Ma soprattutto, Eni è davvero più rischiosa dello stato italiano, come sostengono B&B per tenere in piedi il ragionamento sulla fallacia di escludere il rischio dai calcoli? Manco per idea, spiacenti. Guardiamo la vera metrica di rischio emittente, il debito. Il credit default swap quinquennale di Eni questa mattina vale 88 punti-base, quello della Repubblica Italiana vale 187 punti-base. Pare che i mercati considerino Eni assai meno rischiosa della Repubblica Italiana sul costo del debito, che dite? Del resto, se le agenzie di rating assegnano al cane a sei zampe A3 (Moody’s) e A (S&P), mentre la Repubblica Italiana è a Baa2 (Moody’s, mentre S&P ha ritirato il rating mesi addietro), qualcosa vorrà pur dire, no? Ma se non credete alle agenzie di rating ed ai loro giudizi sommari, prendete i bond Eni. Chessò, quello che scade il 12 settembre 2025 e paga cedola del 3,75%. Questa mattina rende il 3,36-3,26%, denaro-lettera. Quanto rende il corrispondente Btp, il primo marzo 2025, cedola 5%? Ebbene, rende il 4,21%. Ancora una volta, chi è più rischioso?

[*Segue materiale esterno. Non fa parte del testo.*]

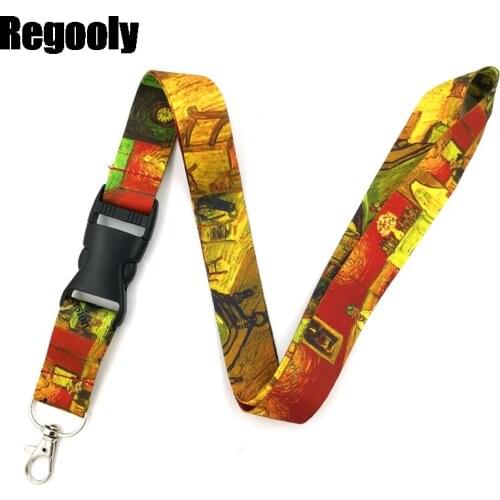 The Night Cafe in the Place Lamartine in Arles Neck keychain necklace Anime Cartoon Neck Strap Lanyard ID badge holder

In sintesi, il post di Sandro ed Alberto dice cose giustissime in termini della necessità di calcolare la rischiosità di un investimento a fini di comparazione ma sbaglia su tutta la linea nel caso di Eni, oltre a commettere l’errore piuttosto grave di equivocare sulle metriche di rischio, credendo che il dividend yield di una azione lo sia (e non lo è), oppure affermando assiomaticamente che Eni sia più rischiosa della Repubblica Italiana (e non è vero). Ma sono fiducioso che Sandro ed Alberto, che sono persone di onestà intellettuale indiscutibile ed indiscussa, sapranno emendare i loro errori. Diverso discorso per un loro collega, neo-politico già fallito in culla, che gira l’Italia ed i social network insolentendo il prossimo e parlando di argomenti che non padroneggia. Ma per fortuna esiste il libero arbitrio, ed ognuno è padrone di sputtanarsi affondare la propria reputazione come meglio preferisce.